What I built at Amazon
I joined Amazon in 2001 as “Master of Disaster.” I just typed it into a form one day, and then it stuck. I was responsible for the availability of every property bearing the Amazon brand.
I’d been building ISPs and running servers since high school. When I joined Amazon, I was simultaneously testing for the fire department. Tech was the day job while I pursued emergency services. That dual path turned out to be the thing that made everything else possible. I brought the discipline of incident command to a company that desperately needed it.
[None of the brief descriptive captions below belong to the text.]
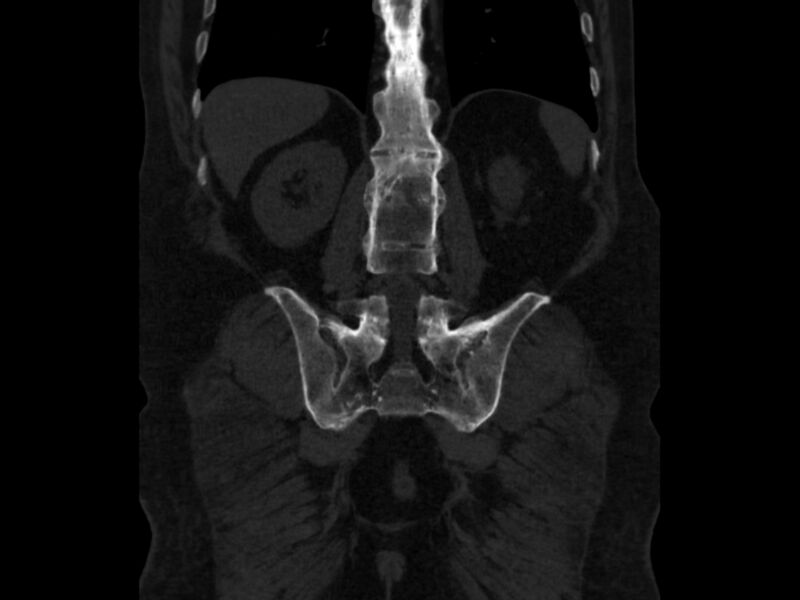 File:Ankylosing spondylitis (Radiopaedia 44609-48357 Coronal bone window 68).jpg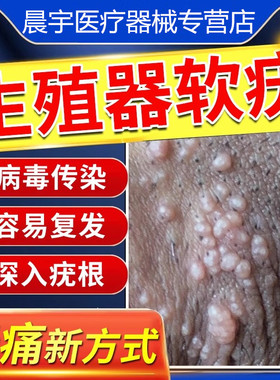 传染性软尤软疣搭配药膏夹子扁平疣病毒去除尤瘊小肉粒一点无尤XQ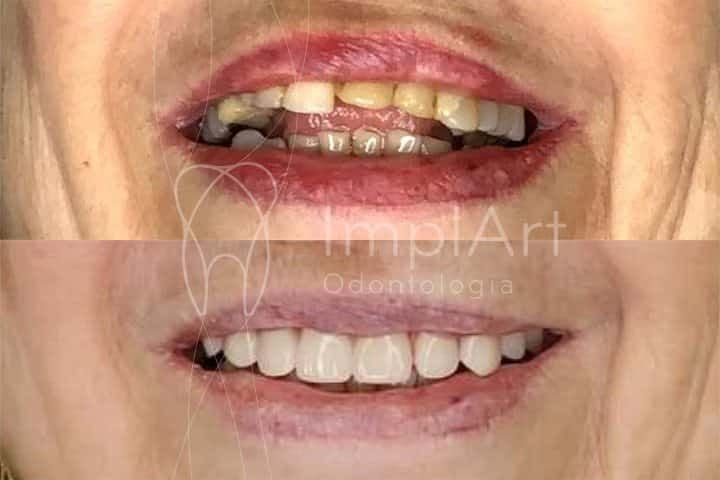 Substitui&ccedil;&atilde;o de dentes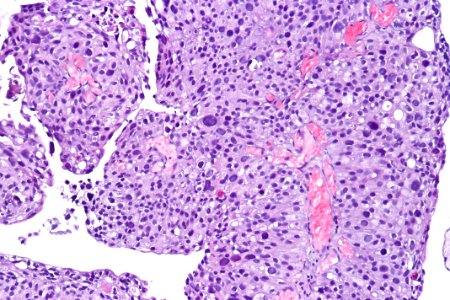 Papillary urothelial carcinoma (high-grade), high mag.1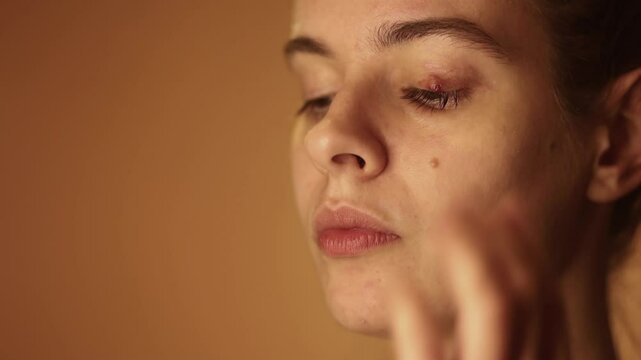 Close up of woman's face. Brown eyed woman looking at camera has external bacterial infection of stye or chalazion. Treatment, laser vision correction, ophthalmology services advertising concept.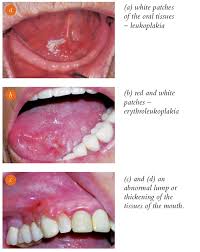 Image result for white cancer on tongue)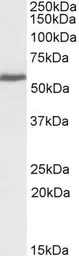 Anti-PRPF31 antibody, C-term used in Western Blot (WB). GTX89936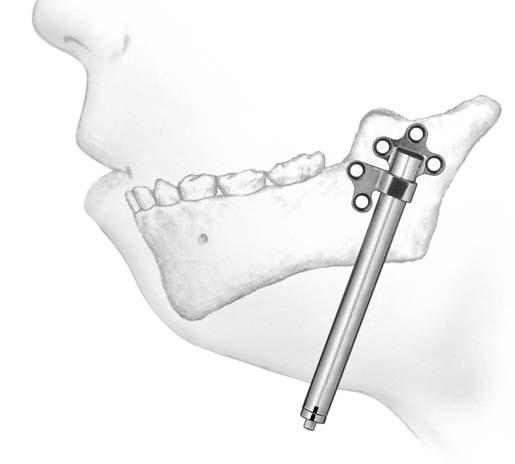 Für eine der Anatomie entsprechende Schraubenplatzierung darf der Distraktor bis zu 5mm geöffnet werden.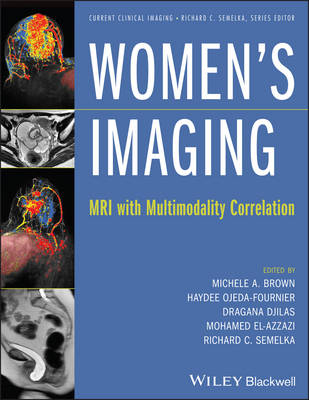 Women′s Imaging – MRI with Multimodality Correlation - MA Brown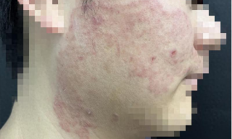 宁波小伙拿擦脚巾擦脸 结果脚气上脸！专家：有人闻臭袜肺部感染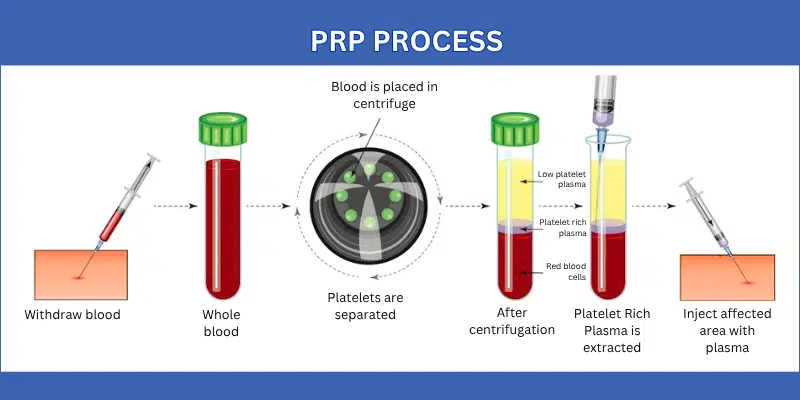 Infographic of Platelet Rich Therapy process.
Clear roles, practiced procedures, calm under pressure.
I created Amazon’s Incident Management program and the GameDay practice of deliberately breaking production systems so teams could practice before real failures hit. The best way to fix major failures was to create them. GameDay pioneered what the industry now calls chaos engineering, and the incident management framework I built became a template for site reliability engineering as a discipline.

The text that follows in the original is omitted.